Search the data for "Building" and copy every matching line.
= = = = =
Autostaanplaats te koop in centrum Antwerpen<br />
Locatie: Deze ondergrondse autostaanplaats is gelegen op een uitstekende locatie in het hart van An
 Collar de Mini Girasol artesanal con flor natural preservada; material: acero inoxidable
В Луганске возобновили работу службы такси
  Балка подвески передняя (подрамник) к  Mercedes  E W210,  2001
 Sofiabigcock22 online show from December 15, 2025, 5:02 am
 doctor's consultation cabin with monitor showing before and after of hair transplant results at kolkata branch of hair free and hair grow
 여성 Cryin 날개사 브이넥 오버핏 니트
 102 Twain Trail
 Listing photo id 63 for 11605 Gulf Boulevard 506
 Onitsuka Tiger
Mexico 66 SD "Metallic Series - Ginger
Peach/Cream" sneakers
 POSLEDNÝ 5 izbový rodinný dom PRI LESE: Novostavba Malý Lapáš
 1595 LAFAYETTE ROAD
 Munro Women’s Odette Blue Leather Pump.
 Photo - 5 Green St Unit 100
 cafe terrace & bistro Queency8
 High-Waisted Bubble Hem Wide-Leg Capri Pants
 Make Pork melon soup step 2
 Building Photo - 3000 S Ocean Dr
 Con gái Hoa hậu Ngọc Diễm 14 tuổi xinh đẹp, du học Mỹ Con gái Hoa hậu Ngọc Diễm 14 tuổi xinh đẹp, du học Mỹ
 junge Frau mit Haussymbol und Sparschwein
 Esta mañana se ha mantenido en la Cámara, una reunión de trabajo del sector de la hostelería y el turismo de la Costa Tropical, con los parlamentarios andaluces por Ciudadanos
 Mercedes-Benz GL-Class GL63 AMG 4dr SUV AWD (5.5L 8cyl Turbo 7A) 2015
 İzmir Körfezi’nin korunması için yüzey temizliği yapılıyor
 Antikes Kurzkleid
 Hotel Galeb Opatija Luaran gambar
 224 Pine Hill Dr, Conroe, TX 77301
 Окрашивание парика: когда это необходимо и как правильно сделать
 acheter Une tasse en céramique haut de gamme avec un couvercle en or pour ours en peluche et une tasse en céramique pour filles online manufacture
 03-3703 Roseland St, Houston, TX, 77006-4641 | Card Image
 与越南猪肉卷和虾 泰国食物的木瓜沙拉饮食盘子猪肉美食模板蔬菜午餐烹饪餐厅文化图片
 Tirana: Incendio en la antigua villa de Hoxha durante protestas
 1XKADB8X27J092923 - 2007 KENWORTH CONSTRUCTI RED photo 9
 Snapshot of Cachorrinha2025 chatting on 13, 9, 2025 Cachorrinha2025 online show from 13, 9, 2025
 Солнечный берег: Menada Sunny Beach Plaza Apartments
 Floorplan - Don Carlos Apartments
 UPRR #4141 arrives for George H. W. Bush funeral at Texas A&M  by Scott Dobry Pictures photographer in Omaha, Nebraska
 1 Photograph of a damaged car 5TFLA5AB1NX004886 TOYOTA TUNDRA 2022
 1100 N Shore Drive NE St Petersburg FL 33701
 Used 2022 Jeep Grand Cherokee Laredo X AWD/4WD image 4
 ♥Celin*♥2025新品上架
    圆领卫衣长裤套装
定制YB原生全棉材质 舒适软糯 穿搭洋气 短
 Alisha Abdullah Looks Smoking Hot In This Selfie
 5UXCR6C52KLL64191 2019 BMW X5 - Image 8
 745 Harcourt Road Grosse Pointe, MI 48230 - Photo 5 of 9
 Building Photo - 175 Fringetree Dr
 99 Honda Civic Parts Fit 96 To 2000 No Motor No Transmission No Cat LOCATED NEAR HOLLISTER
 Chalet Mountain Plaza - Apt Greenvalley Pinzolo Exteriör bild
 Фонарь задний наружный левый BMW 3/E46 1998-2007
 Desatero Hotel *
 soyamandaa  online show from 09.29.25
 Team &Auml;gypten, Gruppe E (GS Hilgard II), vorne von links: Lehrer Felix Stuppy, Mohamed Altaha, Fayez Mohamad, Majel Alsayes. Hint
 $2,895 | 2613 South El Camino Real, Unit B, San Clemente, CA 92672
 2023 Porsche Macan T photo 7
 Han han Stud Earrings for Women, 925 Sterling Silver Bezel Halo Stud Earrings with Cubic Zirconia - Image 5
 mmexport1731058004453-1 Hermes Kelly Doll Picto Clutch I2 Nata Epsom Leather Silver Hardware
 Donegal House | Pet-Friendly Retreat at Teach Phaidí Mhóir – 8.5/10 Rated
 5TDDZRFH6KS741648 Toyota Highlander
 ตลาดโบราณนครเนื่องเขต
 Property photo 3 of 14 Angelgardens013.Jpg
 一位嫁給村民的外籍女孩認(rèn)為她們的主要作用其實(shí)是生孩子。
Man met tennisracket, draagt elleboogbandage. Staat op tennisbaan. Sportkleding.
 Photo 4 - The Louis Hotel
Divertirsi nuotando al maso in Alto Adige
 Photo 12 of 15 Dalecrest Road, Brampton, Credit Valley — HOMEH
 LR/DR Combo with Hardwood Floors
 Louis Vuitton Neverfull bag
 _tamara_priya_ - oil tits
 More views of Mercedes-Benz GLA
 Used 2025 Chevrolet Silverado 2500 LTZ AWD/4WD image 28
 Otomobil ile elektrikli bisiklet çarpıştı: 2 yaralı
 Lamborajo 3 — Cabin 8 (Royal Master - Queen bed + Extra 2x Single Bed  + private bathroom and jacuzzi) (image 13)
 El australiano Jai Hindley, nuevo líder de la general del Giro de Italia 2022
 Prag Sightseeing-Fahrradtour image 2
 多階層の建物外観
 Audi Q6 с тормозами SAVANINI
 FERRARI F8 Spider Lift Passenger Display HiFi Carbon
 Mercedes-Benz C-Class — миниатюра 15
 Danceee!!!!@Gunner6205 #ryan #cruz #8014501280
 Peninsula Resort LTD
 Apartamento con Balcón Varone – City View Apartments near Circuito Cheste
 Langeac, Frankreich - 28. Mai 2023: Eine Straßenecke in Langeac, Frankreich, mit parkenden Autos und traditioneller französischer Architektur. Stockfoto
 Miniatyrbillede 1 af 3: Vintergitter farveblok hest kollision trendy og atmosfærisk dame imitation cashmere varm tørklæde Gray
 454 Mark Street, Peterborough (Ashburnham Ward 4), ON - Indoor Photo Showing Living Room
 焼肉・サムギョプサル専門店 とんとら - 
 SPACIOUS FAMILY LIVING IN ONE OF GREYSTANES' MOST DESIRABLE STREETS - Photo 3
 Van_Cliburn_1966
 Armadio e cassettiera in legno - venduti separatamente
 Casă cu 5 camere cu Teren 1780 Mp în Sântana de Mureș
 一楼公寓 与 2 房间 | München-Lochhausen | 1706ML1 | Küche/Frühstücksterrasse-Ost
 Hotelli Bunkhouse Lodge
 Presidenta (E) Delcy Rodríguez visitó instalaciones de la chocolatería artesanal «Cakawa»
= = = = =
§ **WRITTEN REPLY**
 Building Photo - 3000 S Ocean Dr
 Building Photo - 175 Fringetree Dr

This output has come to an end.